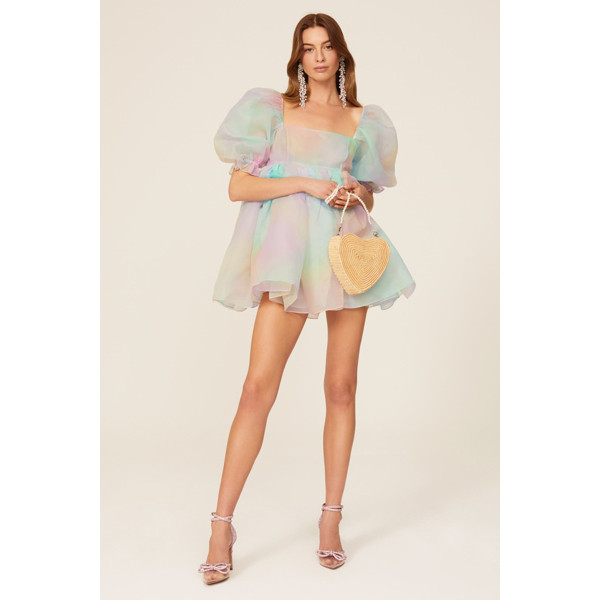 Selkie The Rainbow Puff Dress multicolored-print | Rent the Runway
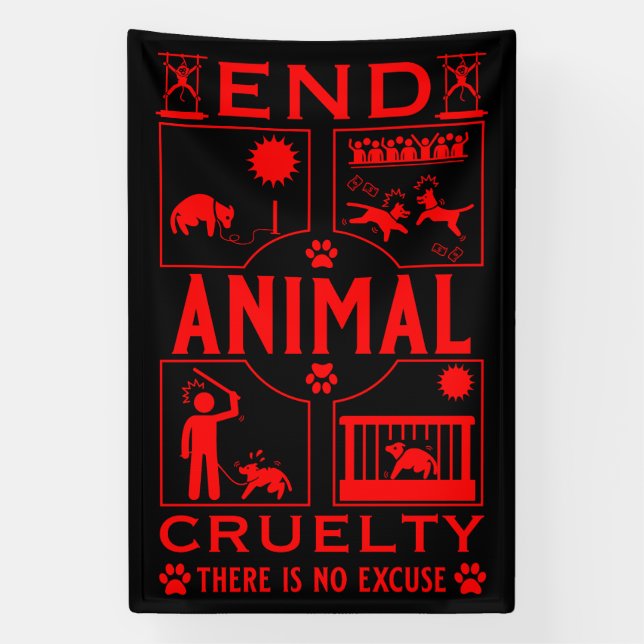 Lona Acabar con la crueldad animal (Vertical)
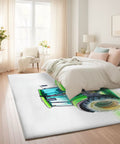 Farm Tractor Themed Area Rug 3 Ft By 5 Ft White Machine Washable Carpet in bedroom setting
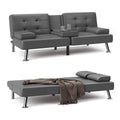 Faux Leather Convertible Futon Sofa Bed with 2 Cup Holders P128661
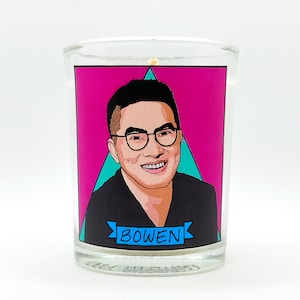 Bowen Yang Glass Votive Candle // LGBTQ Altar Candle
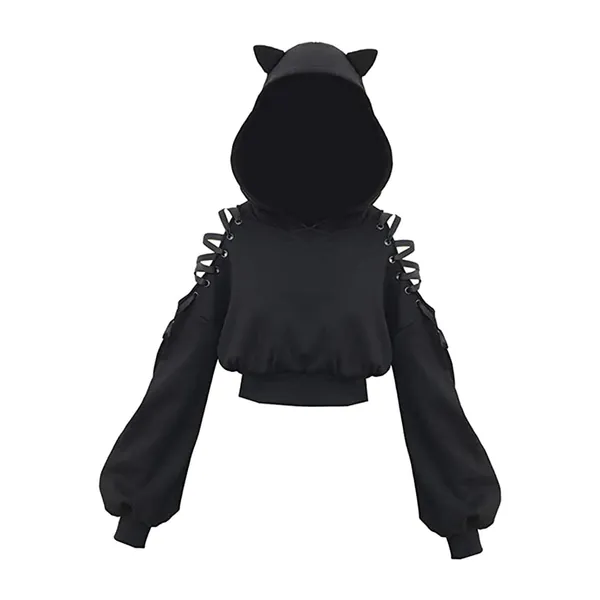 DYNWAVE Women Gothic Chain Hooded Crop Hoodie Pullover with Reflective Printed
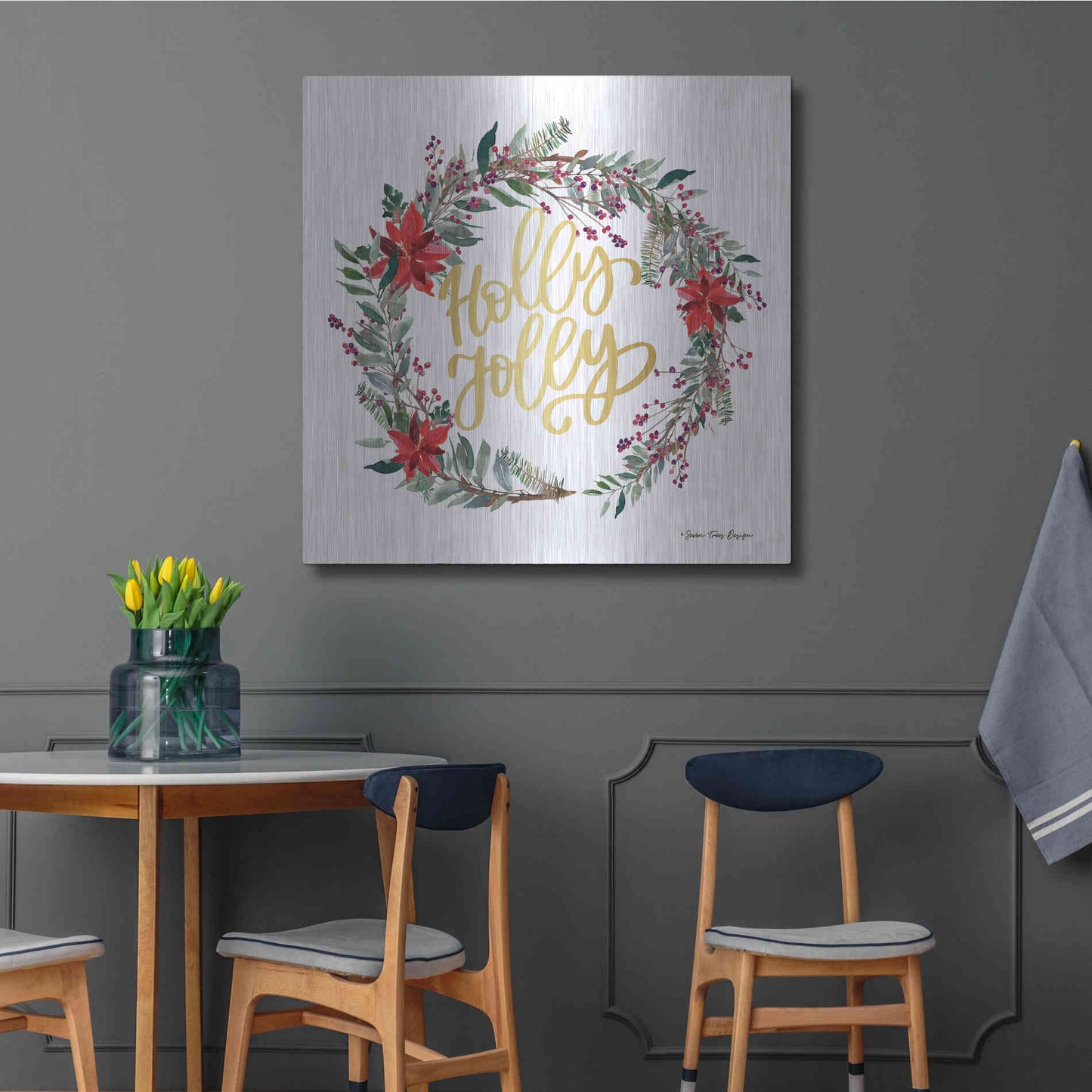 Luxe Metal Art 'Holly Jolly Poinsettia Wreath' by Seven Trees Design, Metal Wall Art,36x36
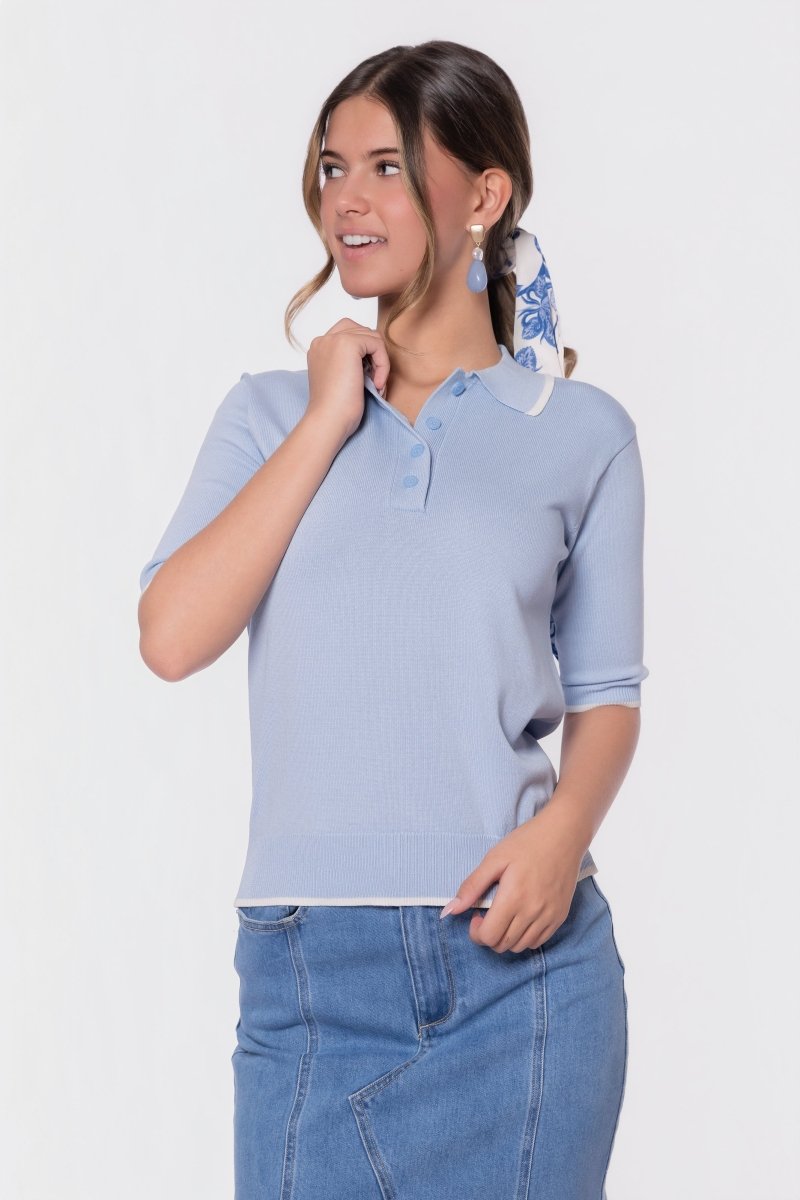 Leah Top (Light Blue) - Glamourous Grace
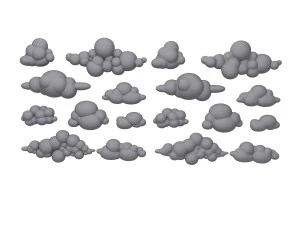 clouds cartoon 04 3D Model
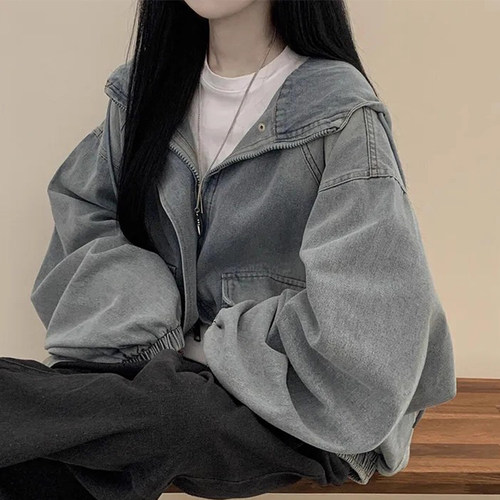 韩国chic秋季新款法式慵懒风双拉链大口袋短款连帽牛仔卫衣外套女 - 图2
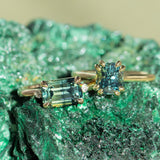 2.45ct Untreated Cushion Cut Deep Teal Sapphire Cathedral Double Prong Solitaire in 18k Yellow Gold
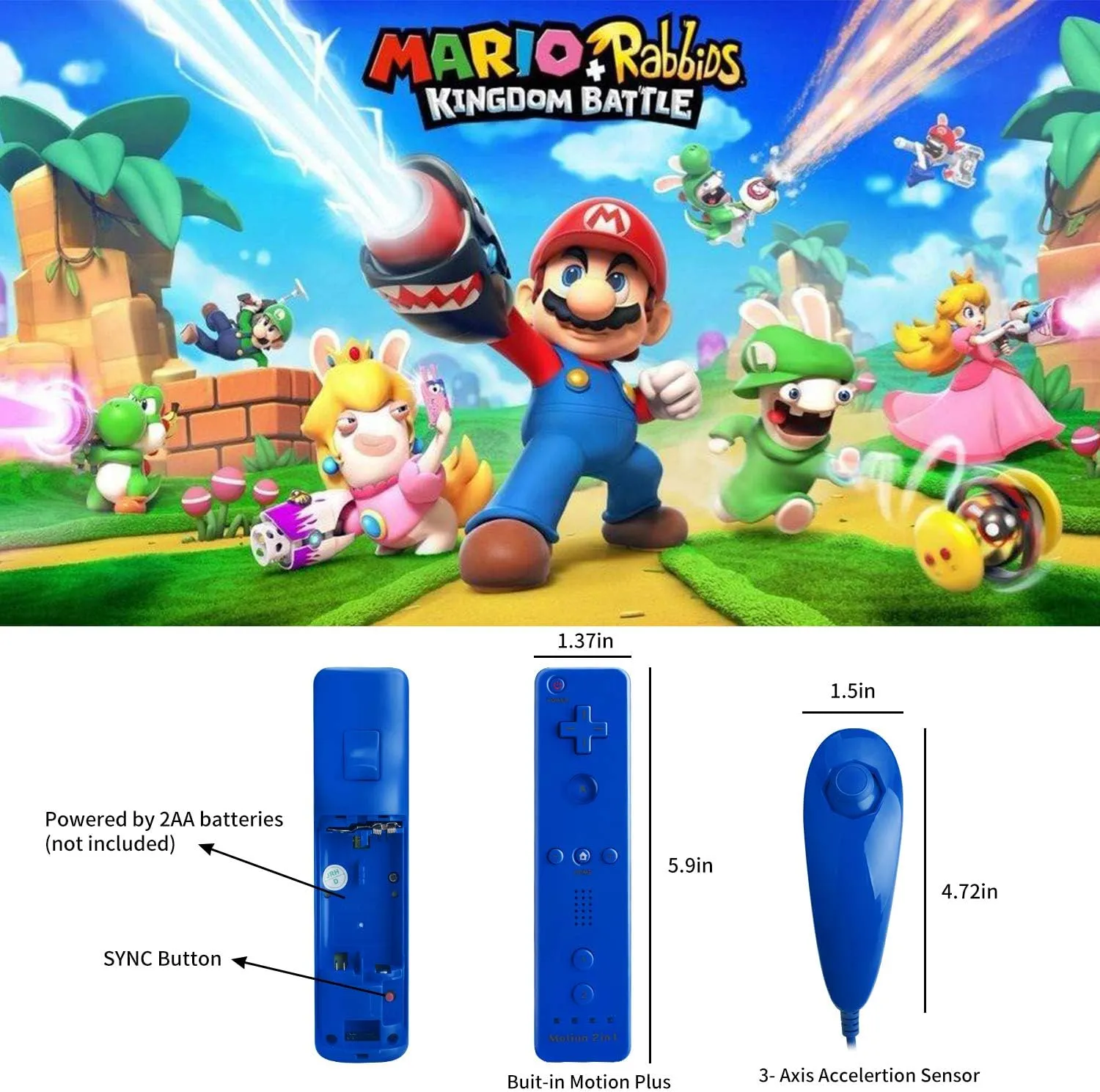 Motion Plus Wii Controllers 2Packs with Nunchucks, Wii Remote Controllers Compatible for wii and Wii U with Built in Motion Plus
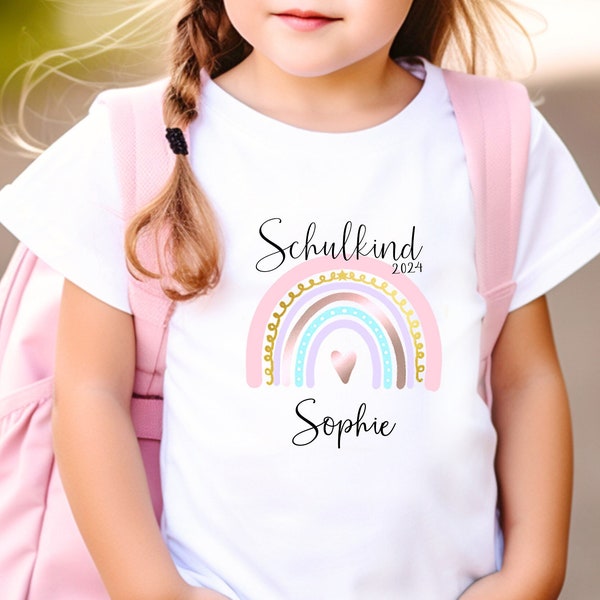 Zuckersüßes Schulkind T-shirt mit Regenbogen • Schulkind 2024 • Einschulungsshirt T-shirt oder Langarmshirt • Geschenkidee Schulstart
***
§ **INSTRUCTIONS TO FOLLOW**
Could you return exactly the lines starting with the one that contains "2.45ct Untreated Cushion" and ending with the last line of the data above? Leave the pictures out.

§ **EXERCISE RESULT**
 2.45ct Untreated Cushion Cut Deep Teal Sapphire Cathedral Double Prong Solitaire in 18k Yellow Gold
 Motion Plus Wii Controllers 2Packs with Nunchucks, Wii Remote Controllers Compatible for wii and Wii U with Built in Motion Plus
 Zuckersüßes Schulkind T-shirt mit Regenbogen • Schulkind 2024 • Einschulungsshirt T-shirt oder Langarmshirt • Geschenkidee Schulstart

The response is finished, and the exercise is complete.